[PATCH] drm/amdkfd: correct the SVM DMA device unmap direction

Liang, Prike Prike.Liang at amd.com
Mon Dec 2 07:32:17 UTC 2024


[AMD Official Use Only - AMD Internal Distribution Only]

> From: Christian König <ckoenig.leichtzumerken at gmail.com>
> Sent: Tuesday, November 12, 2024 9:43 PM
> To: Liang, Prike <Prike.Liang at amd.com>; Koenig, Christian
> <Christian.Koenig at amd.com>; Kuehling, Felix <Felix.Kuehling at amd.com>; amd-
> gfx at lists.freedesktop.org
> Cc: Deucher, Alexander <Alexander.Deucher at amd.com>; Kasiviswanathan, Harish
> <Harish.Kasiviswanathan at amd.com>
> Subject: Re: [PATCH] drm/amdkfd: correct the SVM DMA device unmap direction
>
> Am 11.11.24 um 04:06 schrieb Liang, Prike:
> > [AMD Official Use Only - AMD Internal Distribution Only]
> >
> >> From: Koenig, Christian <Christian.Koenig at amd.com>
> >> Sent: Friday, November 8, 2024 5:40 PM
> >> To: Liang, Prike <Prike.Liang at amd.com>; Kuehling, Felix
> >> <Felix.Kuehling at amd.com>; amd-gfx at lists.freedesktop.org
> >> Cc: Deucher, Alexander <Alexander.Deucher at amd.com>; Kasiviswanathan,
> >> Harish <Harish.Kasiviswanathan at amd.com>
> >> Subject: Re: [PATCH] drm/amdkfd: correct the SVM DMA device unmap
> >> direction
> >>
> >> Am 08.11.24 um 10:15 schrieb Liang, Prike:
> >>> [AMD Official Use Only - AMD Internal Distribution Only]
> >>>
> >>>> From: Koenig, Christian <Christian.Koenig at amd.com>
> >>>> Sent: Wednesday, November 6, 2024 8:24 PM
> >>>> To: Kuehling, Felix <Felix.Kuehling at amd.com>; Liang, Prike
> >>>> <Prike.Liang at amd.com>; amd-gfx at lists.freedesktop.org
> >>>> Cc: Deucher, Alexander <Alexander.Deucher at amd.com>;
> >>>> Kasiviswanathan, Harish <Harish.Kasiviswanathan at amd.com>
> >>>> Subject: Re: [PATCH] drm/amdkfd: correct the SVM DMA device unmap
> >>>> direction
> >>>>
> >>>> Am 05.11.24 um 17:34 schrieb Felix Kuehling:
> >>>>> On 2024-11-05 06:04, Christian König wrote:
> >>>>>> Am 05.11.24 um 03:33 schrieb Prike Liang:
> >>>>>>> The SVM DMA device unmap direction should be same as the DMA map
> >>>>>>> process.
> >>>>>> At least of hand that looks like it's only papering over a major
> >>>>>> problem.
> >>>>>>
> >>>>>> Why are DMA ranges for SVM mapped with a direction in the first
> >>>>>> place?

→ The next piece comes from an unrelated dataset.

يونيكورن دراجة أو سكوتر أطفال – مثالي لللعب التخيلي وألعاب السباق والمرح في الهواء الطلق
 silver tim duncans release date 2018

That is usually not something we should do.
> >>>>> These are DMA mappings of system memory pages. I guess we're
> >>>>> creating DMA mappings only for the access required for the
> >>>>> migration, which is not bidirectional. I see we do something
> >>>>> similar for userptr mappings depending on whether the GPU mapping
> >>>>> is read-only or read-write. Is that wrong for userptrs as well?
> >>>> I think so, yes. The DMA directions are there to make explicit CPU
> >>>> cache management and bounce buffers possible.
> >>>>
> >>>> Since we shouldn't need or even want either for a cache coherent
> >>>> PCIe device we should probably always use BIDIRECTIONAL.
> >>>>
> >>> The DMA core will check the direction when the driver performs DMA
> >>> unmap, and
> >> if the DMA unmap direction does not match the map direction setting,
> >> it will report a warning like the following.
> >>
> >> Yeah, that is perfectly expected. Doing the unmap with a different
> >> setting than the map is clearly a bug.
> >>
> >> The question is rather should the map or the unmap operation be changed?
> >>
> >> In your patch you propose to change the unmap operation, but I think
> >> that is wrong and the map operation should use BIDIRECTIONAL in the first
> place.
> > Thanks for the suggestion but based on the DMA direction design and streaming
> DMA sync policy, the BIDIRECTIONAL setting is unlikely to be used unless the
> direction is unclear or it's an exact DMA read/write case. In a scenario like the SVM
> migration unmap problem, such as in the function svm_migrate_copy_to_vram()
> where buffers migrate from system memory to VRAM, should the KFD explicitly set
> the DMA map direction to DMA_TO_DEVICE instead of BIDIRECTIONAL?
>
> No, the DMA_TO_DEVICE direction should be used only if you can guarantee that
> you don't have any other mappings with BIDIRECTIONAL.
>
> And exactly that's what we most likely don't have.
>

As offline syncing now the problem is the KFD SVM migration process whether is coherent (consist) DMA mapping or stream DMA mapping. According to https://www.kernel.org/doc/Documentation/DMA-API-HOWTO.txt if the KFD here use the coherent DMA mapping then that may need to allocate the migration buffer by using dma_alloc_coheret() but in the KFD driver the migration buffer allocated by kvcalloc(), so that implies the KFD migration is used the stream DMA mapping? If not, could you help understand why the KFD migration is a coherent DMA mapping rather than stream-base mapping?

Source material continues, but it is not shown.